I set the camera up, a slow process focussing in the dim light. It is a simple exposure, taken directly above the birds remains. The bones of the wings and feet are fully stretched out, like it had fallen from a great height and had tried to break its fall by spreading out. An eight minute exposure, time enough to contemplate, time enough to breath. I sit in squat position, knowing I’ll be stiff when I rise. The minutes pass slowly at first but soon reverie takes over and I start thinking back about my journey here and then back further to all ruins visited. I don’t know why I do it sometimes yet it is also addictive and satisfying. Eight minutes has passed and I think for a moment more. Is that it? Any more photographs worth capturing here? I think not. I remove the lens, put the caps back on, unfold the camera, put it carefully away. I zip the zips and push down on the Velcro fasteners. I lower the tripod and climb down the stairs, taking in each step, saying a final farewell to the house. I have been here for no more than forty five minutes but it feels much longer and like every other ruin I’ve ever visited, my visit here has been securely etched onto film and into my memory. The walk back to the car is less worrisome. I will meet no-one I can tell. I will walk along the grassy track and note that my feet had pushed down the long grass on my way here. Dew marks stretch before me. If someone, like myself, wishes to visit and photograph here today, they’d walk along this path and they’d know, by these visible signs that someone had walked along here very recently. Maybe they’d change their mind and turn back. I almost want to make a sign and to leave it somewhere and for it to read; it’s okay, it’s worth a look, come here, look around, go home, save the memories.

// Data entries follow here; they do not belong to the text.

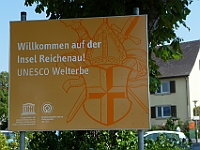 Weltkulturerbe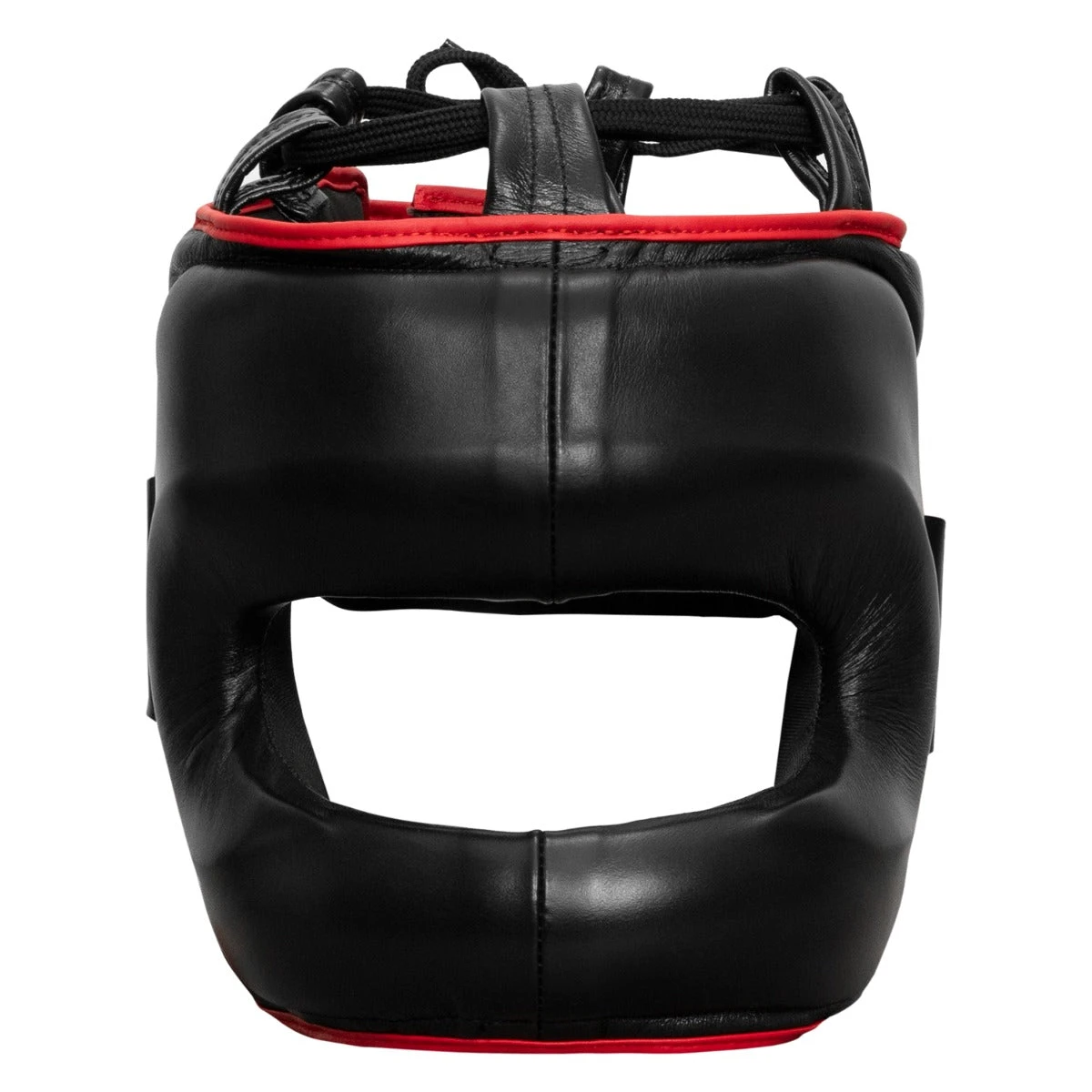 TITLE Boxing Face Saver Headgear 4 TITLE Boxing Face Saver Headgear - Image 3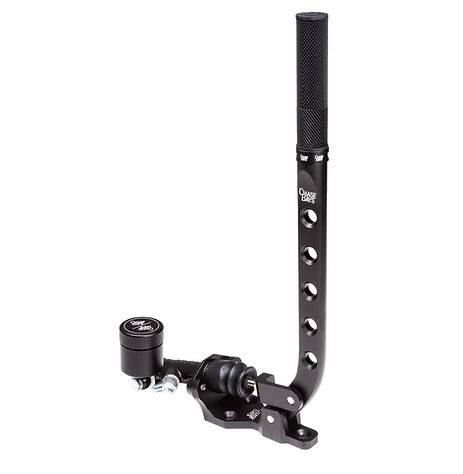 Chase Bays Hydro Handbrake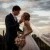 Lauren & Daniel's wedding at  Brown Brothers Winery Milawa  | Milawa Wedding Photographers | 00591.jpg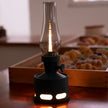 Table lamp Vintage LED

Once back to the car and the equipment loaded into the trunk I sit at the wheel and scan the map. Where to next? A small chapel house, roadside location, in a church yard. Easy. Not much walking, no trespassing but I know that even if my next visit is easy it will still have the same impact upon me; and for all the good it does me, the silence and stillness of a forgotten home, elsewhere, untouched for some time and careering further to total ruin.
Maesteg isn’t all these things. It sits in the corner of a field. You can tell that no one really comes here. Once it was a family home, now it is just an empty house.